Saturday, January 31, 2009

Pimp my code ;)

In my previous (hastily written) entry, I tried to show how difficult it was to extract an undetermined URL from a string of text with the traditional FIND / MID functions in Coldfusion, and alluded to using Regular Expressions as a possible solution.

This is going to be a pretty neat trick, particularly since I know less about RegEx than I do about unicorns. ;)

I had hoped to find a copy of Ben Forta's book on the subject during a trip to my local bookstore, but no such luck. Oddly enough, there didn't seem to be any books available on RegEx in the store-- everything had to be ordered online. They did happen to have the O'Reilly Pocket Reference to Regular Expressions, though-- and I found a two page list of "recipes," RegExs put together for specific purposes, such as extracting email addresses, URLs, etc.

So, I copied the recipe for the URL down, convinced I'd found the solution to our problem.

Yes, I know-- naive of me. ;)

The problem with the O'Reilly recipe is that it uses characters that have special meaning in ColdFusion, such as the pound sign. Once I figured out how to escape the pound sign, it told me the parentheses were unbalanced. Troubleshooting the recipe was getting to be a major headache, so I wound up Googling for a RegEx specific to Coldfusion for extracting URLs . . .

and wound up at Ben Forta's blog. (Yeah, I know-- like I should be surprised!?)

Anyways, Mr. Forta offered a RegEx that works with both Javascript and Coldfusion to validate a URL-- which I've used in the REFindNoCase function example below. It's far from perfect, gentlemen-- at this point my code fragment can only find/extract the first URL in a text string, and I'll need to figure out some kind of while loop to make certain every URL has been extracted. But it's a start, right?

We start with our test string, feel free to customize for your own testing purposes:

<cfset tweet = "I like google http://www.google.com better than I like Yahoo ( http://www.yahoo.com ), but that's just me!">

Just displaying the string when the page runs, so everyone can see what we start with.

<cfoutput><p>#tweet#</p></cfoutput>

If you use the last two optional parameters of the REFindNoCase function, you can tell the function at what point in the string it should begin its search (1st character by default) as well as tell it to return a structure that contains two bits of information we need to extract the URL: the position of the first character in the match, and the total length of the matched string.

<cfset results = REFindNoCase("https?://([-\w\.]+)+(:\d+)?(/([\w/_\.]*(\?\S+)?)?)?", tweet, 1, "True")>

Then we just use the POS and LEN bits with our MID function to print out the match!

<p><cfoutput>#Mid(tweet,results.POS[1], results.LEN[1])#</cfoutput></p>

We could theoretically pass the extracted string to an API (to TinyURL, for instance), or ROT-13 it, or perform whatever arcane manips we want at this point, and then a simple REPLACE function will be sufficient to insert the modified URL back into the original string-- after all, once we've extracted the URL, we know exactly what it is now.

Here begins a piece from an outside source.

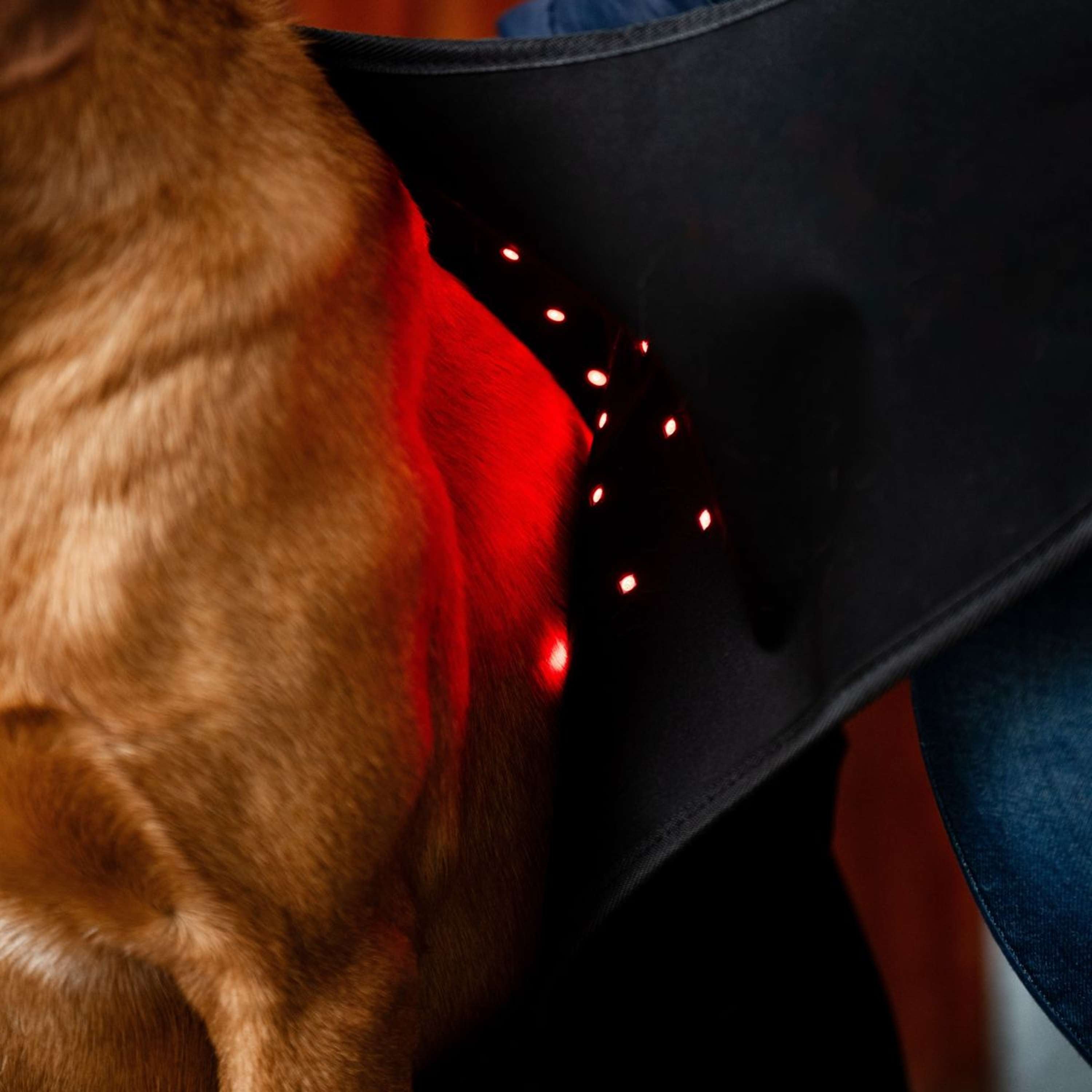 Horseware Pet Leg Wraps LED Red Light Therapy Pair Nero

But, there is one interesting wrinkle I should mention. I've dumped the results variable that the REFindNoCase function generates so we can look inside of it (see below):

<cfdump var="#results#">

See how results actually contains two entries for POS and LEN? That means, I think, that the RegEx is actually finding two matches overlapping, namely http://www.google.com as well as www.google.com.

Replacing the 1 in the indexes of the arrays above with 2 seems to confirm that hypothesis.

No comments: